The 'fun' starts with Survivor: The Interactive Game's graphics. Blocky and blurry, they wouldn't have looked good two years ago and they certainly don't look good now. The terrain is an awful muddled blur that looks like someone anti-aliased a 16x16 texture across a 1024x1024 landscape and hoped that it'd look nice. The four-step animation of the glowing green water is, if anything, more disturbing. The character models are passable, but their animations are extremely stiff, not to mention repetitive; the game environments are dull, repetitive, and have a rather short draw-in distance.

The music is also short and repetitive. The loops that play when the game is loading don't even last the whole loading screen, which is saying something; the music in the various challenges and survival stages barely even count as music. The voice acting scattered throughout the game is decent, but it's not going to knock your socks off, and the rest of the sound effects in the game range from dull to downright insanity-inducing. If I have to hear the stupid lapping water sound again I think I'm going to scream.


Gameplay:

It's definitely a frightening thing when you look forward more to the grainy FMVs that break up the segments of a game than the game itself, but I found myself doing just that with Survivor: The Interactive Game. Quite possibly one of the worst game experiences I've had in a long time, this title only barely fits the 'interactive' moniker it gives itself, and should not be inflicted on anyone but your worst enemies.

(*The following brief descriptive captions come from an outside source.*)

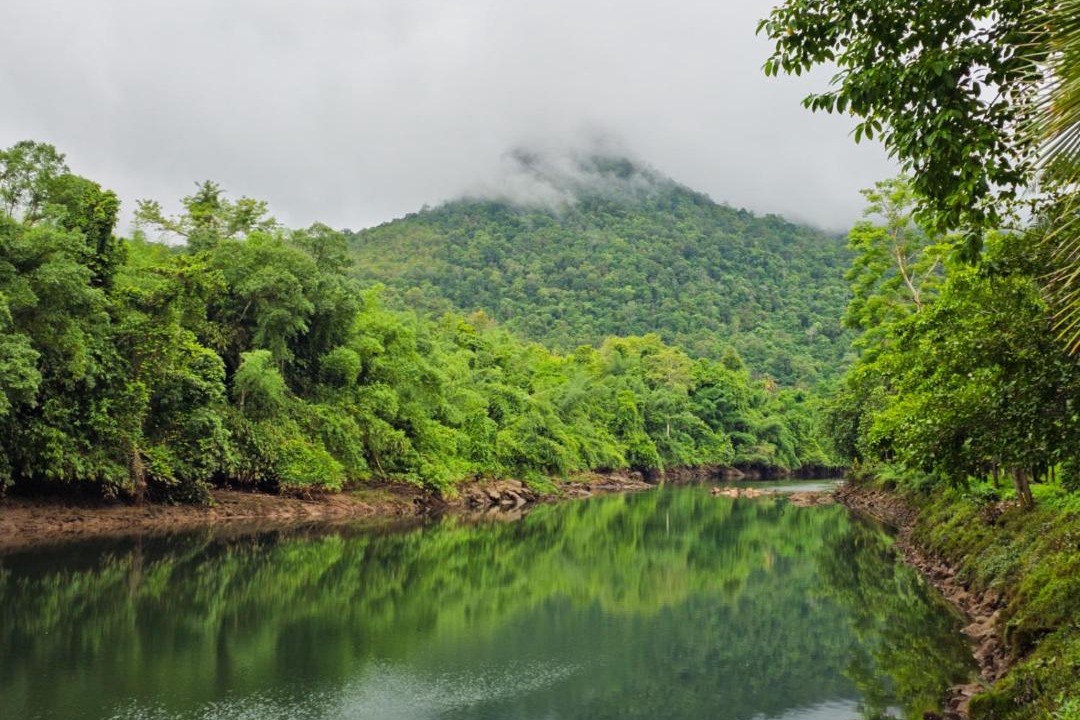 Photo of Others in Thong Pha Phum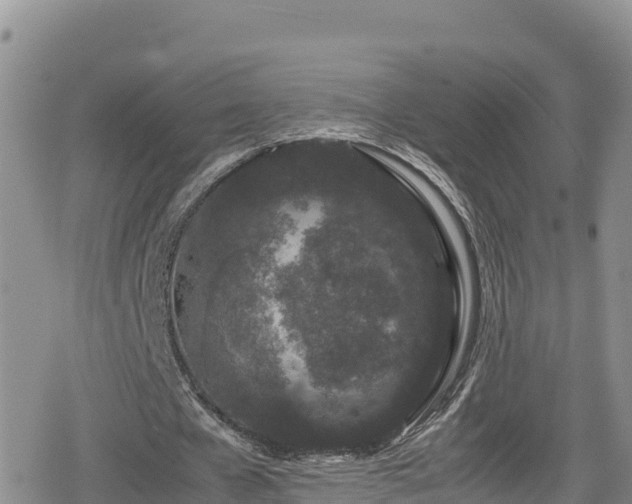 X0000080710577200612221145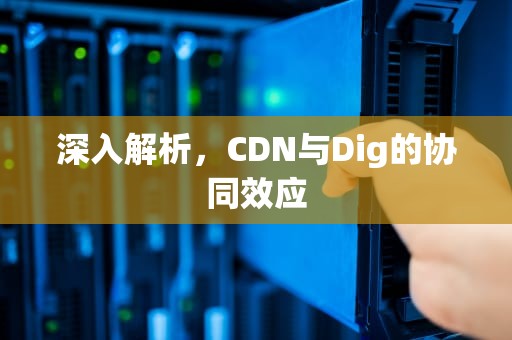 深入解析，CDN与Dig的协同效应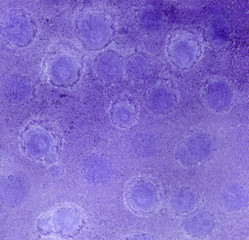 Violet bubbles 2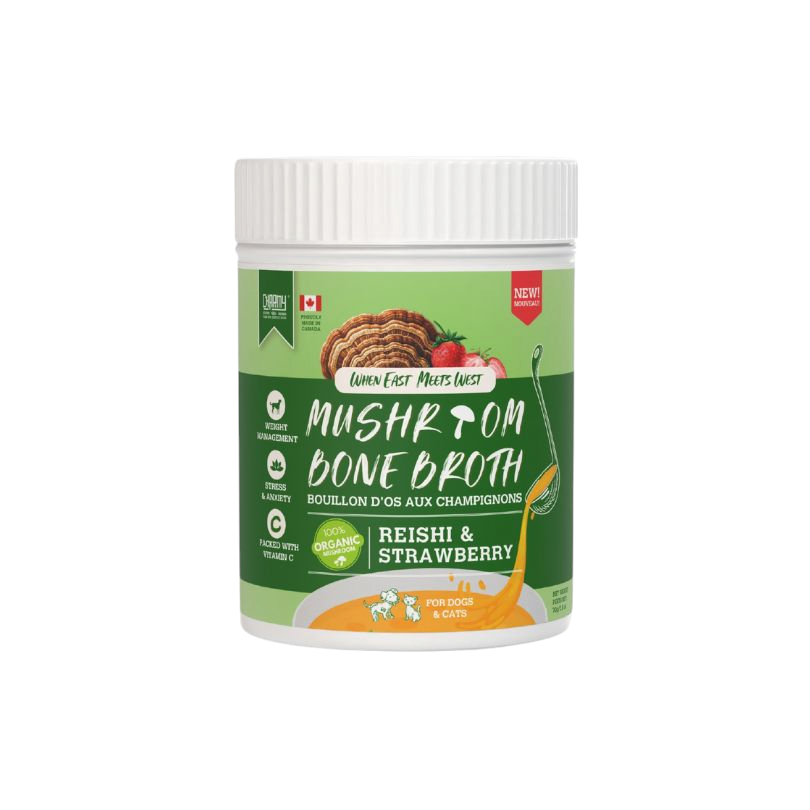 Bouillon d'os en poudre aux champignons Reishi et fraise - Charmy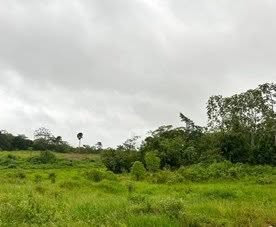 21 Acres Of Land Land Brownberry Community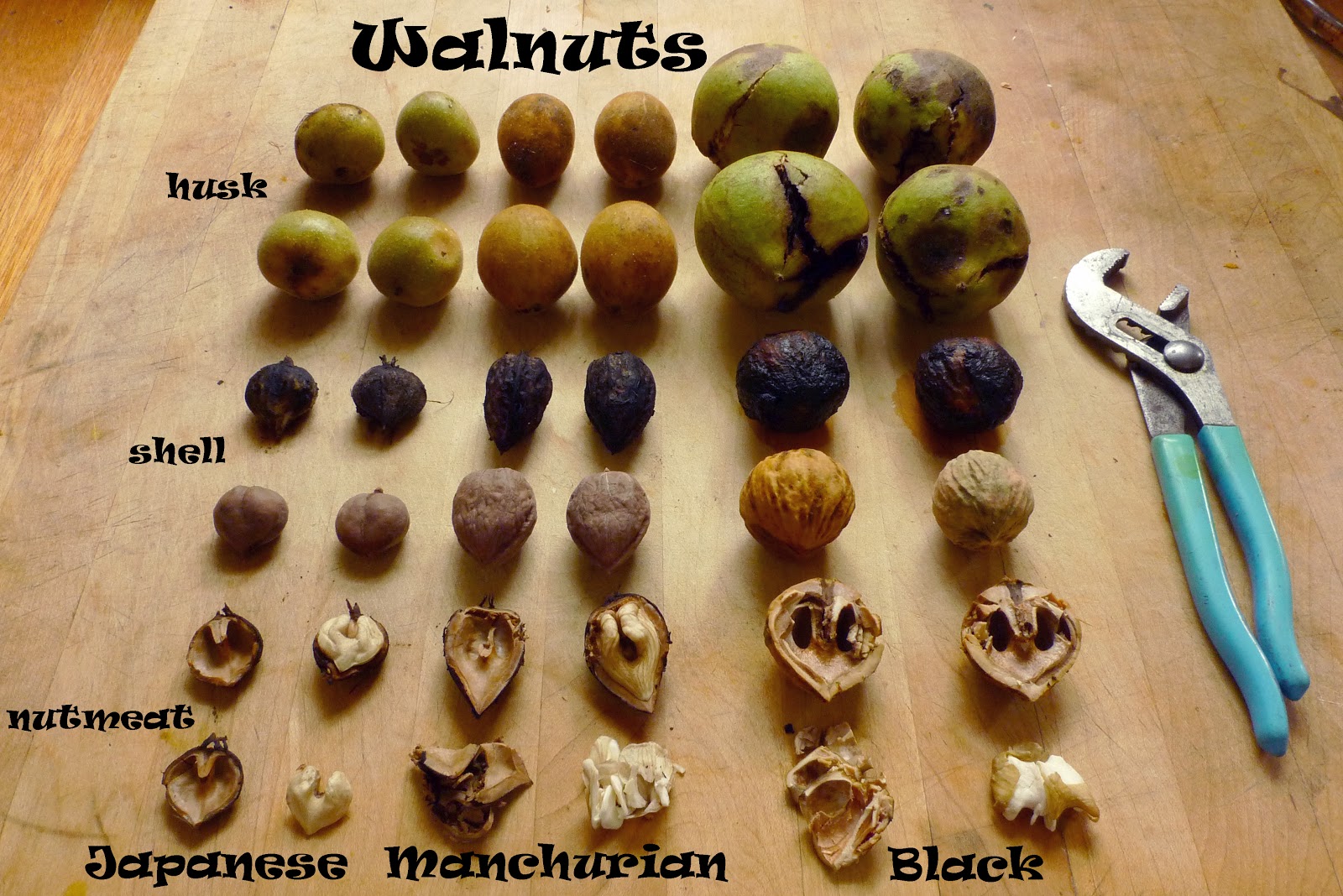How To Dry And Crack Black Walnuts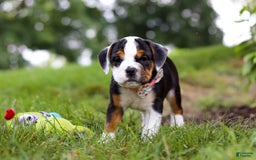 Beabull dogs for sale: Sally - Image 4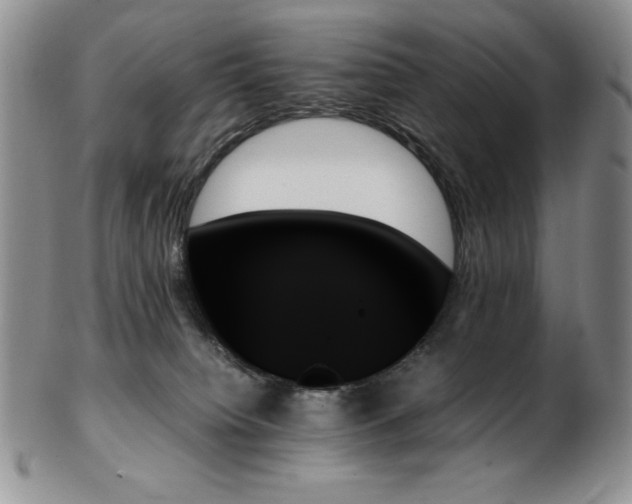 X0000103130084200808221203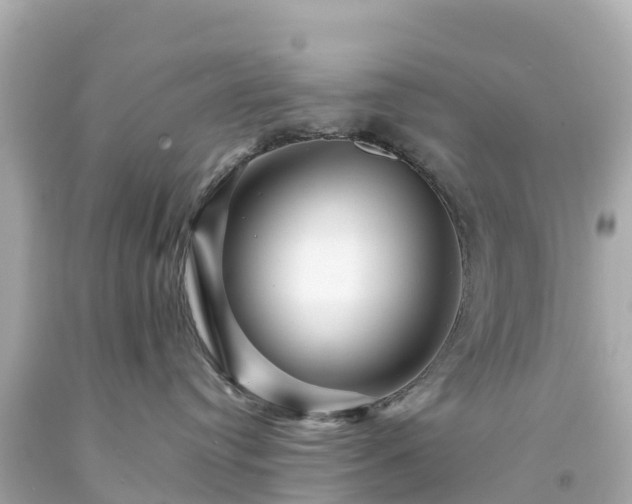 X0000094190384200711021034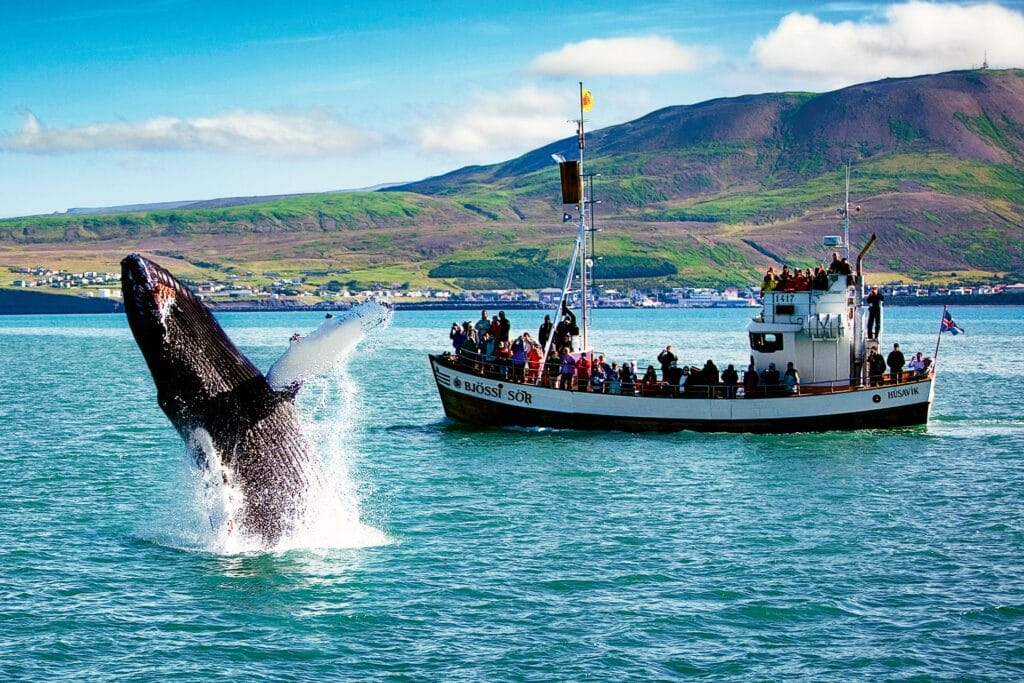 Husavik Whale Watching - Book Whale Watching in Iceland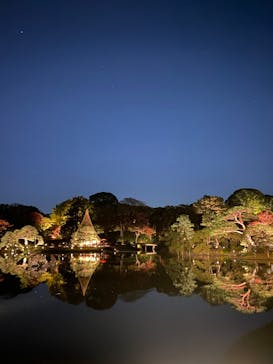 六義園に投稿された画像（2024/12/1）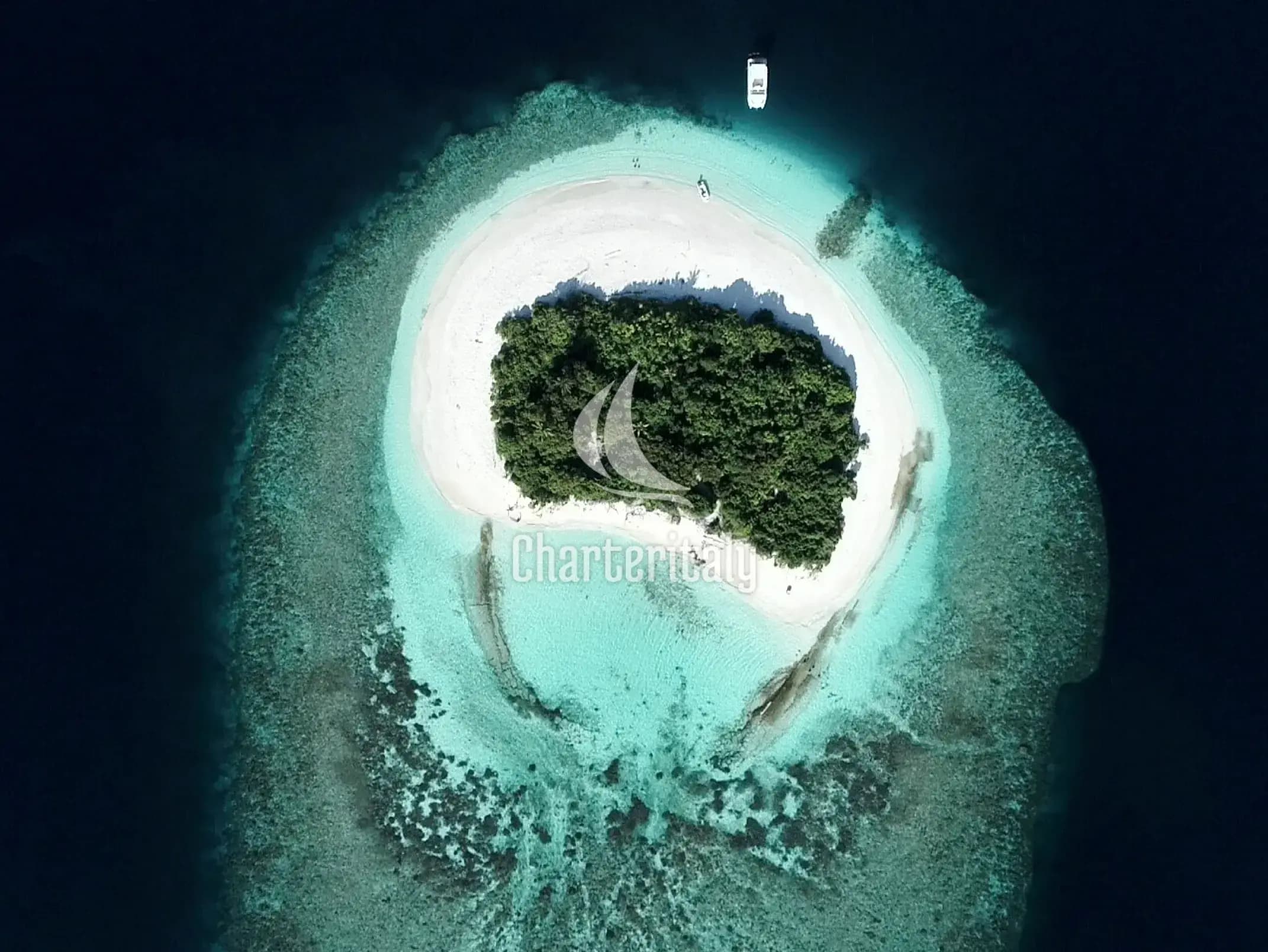 Power Catamaran - Over Reef - 11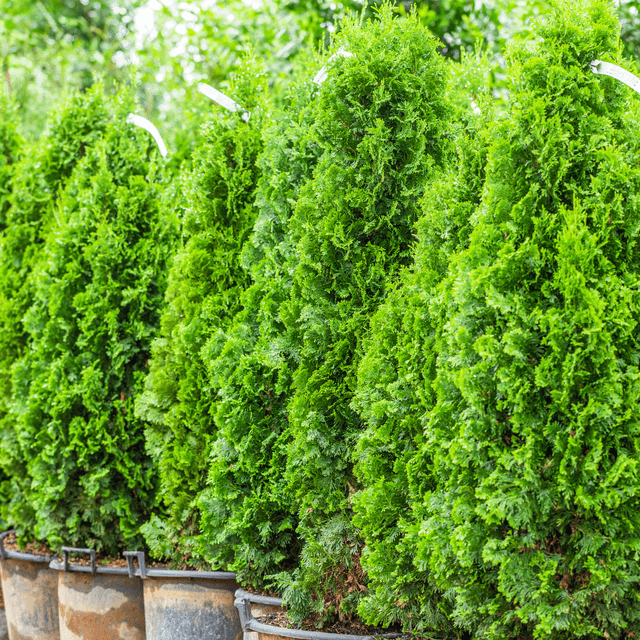 Moon Valley Nurseries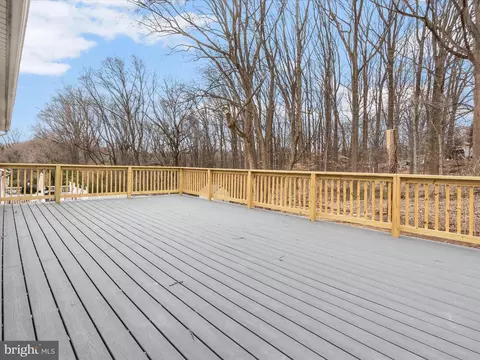 9748 Hedin Dr, Silver Spring, MD 20903 photo 8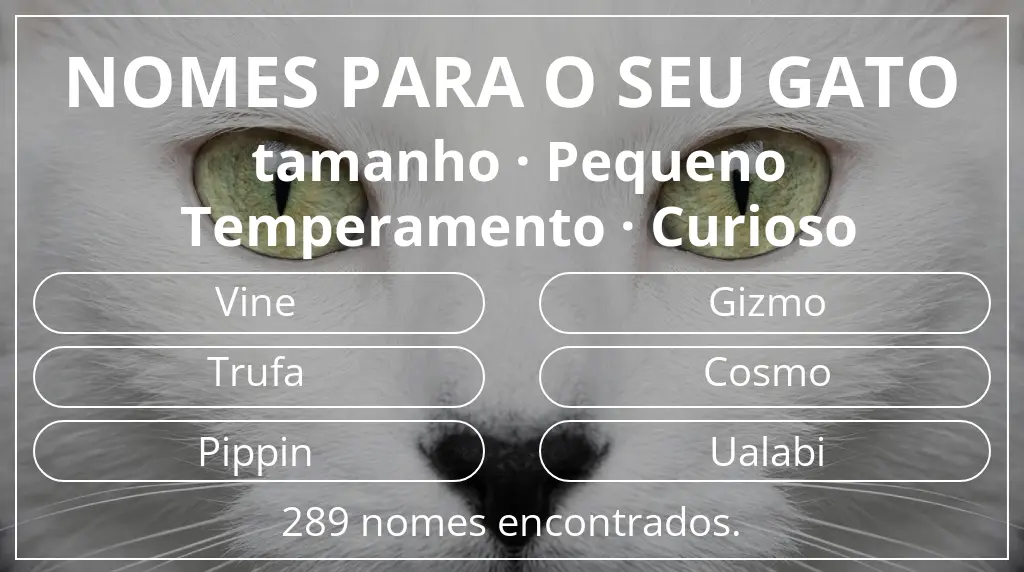 Nomes para gatos baseados em tamanho pequeno e temperamento curioso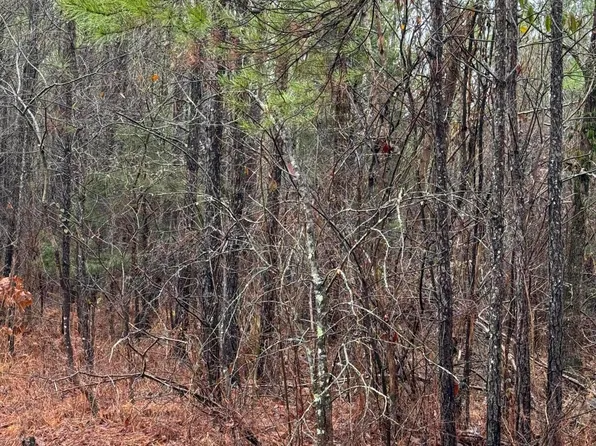 2400 Musgray Rd, Waterford, MS 38685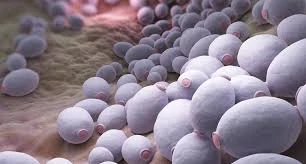 Candida - jakie objawy wskazują na zakażenie grzybicze?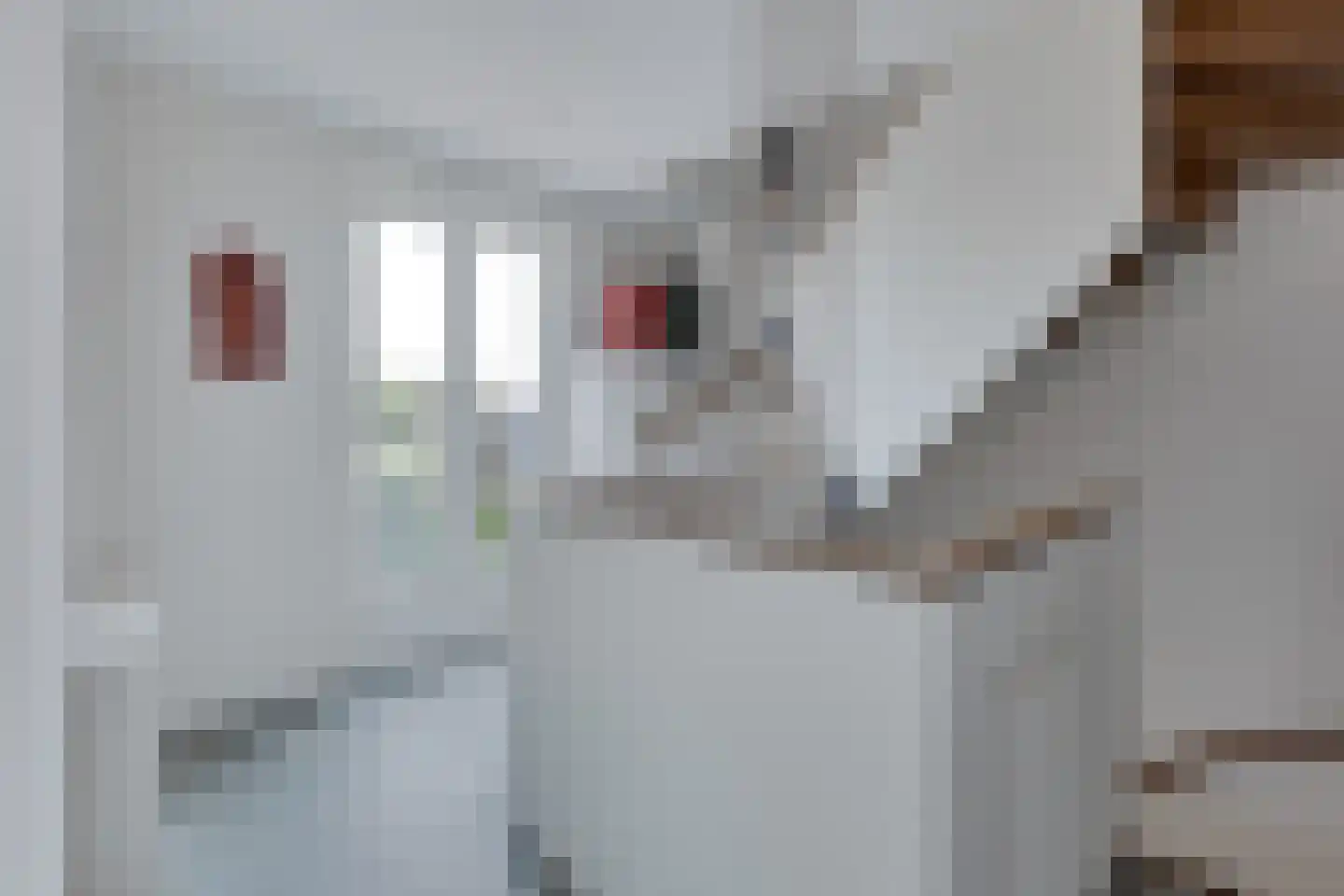 Bongenkamp 18 Aalten thumbnail 52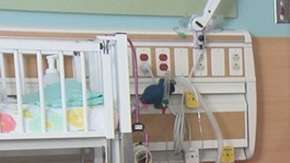 Una pareja dona más de un millón de dólares.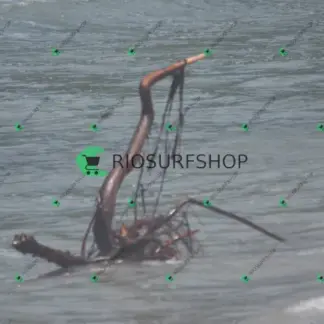 Foto 106 - Praia Brava - Angra 2026-02-25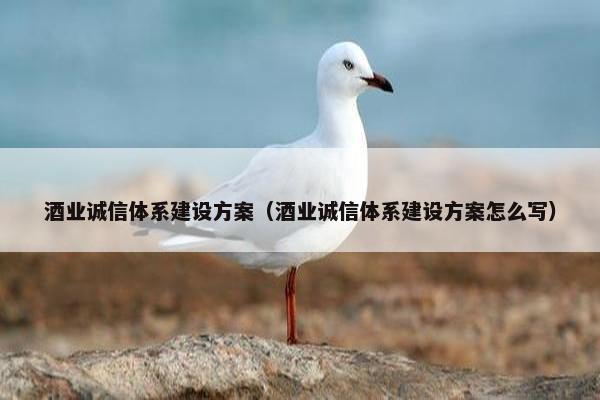 酒业诚信体系建设方案（酒业诚信体系建设方案怎么写）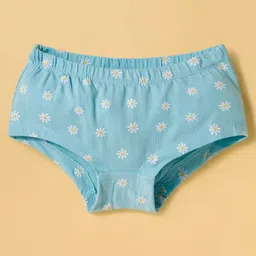 Honeyhap Premium Cotton Knit Striped Panties with Bio Finish & Floral Print Pack of 3 - Bright White Atomizer & Bay image 2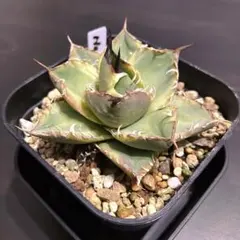 Hideo Ishii様 リクエスト 2点 まとめ商品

Ostensibly, Survivor: The Interactive Game allows you to experience first-hand the grueling challenges that faced the folks in the first two seasons of the show (although the game itself is set solely on the Australian outback). I never saw the show myself, but I know that it has to be orders of magnitude better than what's presented here to have captured the hearts of America like it has. At least, I hope so. The experience of playing Survivor: The Interactive Game is grueling, but for entirely the wrong reasons.

The game is broken up into two major sections. The first, and by far the most mind-numbing, is the survival periods. These last three minutes, and during them you'll be watching your virtual avatar (which you can either create to your personal specifications or simply pick from cast members from the first two seasons) move around and executing whatever actions you told them to do. If they're the water collector, they go to the glowing-green water, dip their little polygonal cup-thing into it, and bring it to the nonpotable water jug. They can then boil water to make it potable. Note that the computer is doing all of this for you; there's nothing that you can do to influence your character's actions here other than watching. During this time, you're supposed to carry on conversations with other people in your tribe; this is done by clicking on them, and going through a series of menu-based conversation lines.

This isn't that bad of an idea, until you see how the conversations are done. They're extremely repetitive, often contradictory, and downright silly. You'll have people say the same things over and over in the same breath, and then run off on some bizarre tangent. It feels like you're talking to a less-evolved version of Eliza, one that doesn't even pretend to make sense.

Once you get past this grueling section of the game, you're brought to the challenge rounds. Here you compete for a useful item or for immunity from the Tribal Council. The challenges are usually pretty inane, ranging from firing arrows from a moving boat to various 'endurance' challenges that require you to balance speed and fatigue (which takes all of two seconds to master). None of them are particularly entertaining, and most of them drag on for entirely too much time, making them even more of a drag. They're still better than the survival sections.

If you find yourself not immune from the Council, you'll be going up to get rid of one of your tribe members. This seems to be fairly random, which is unsurprising.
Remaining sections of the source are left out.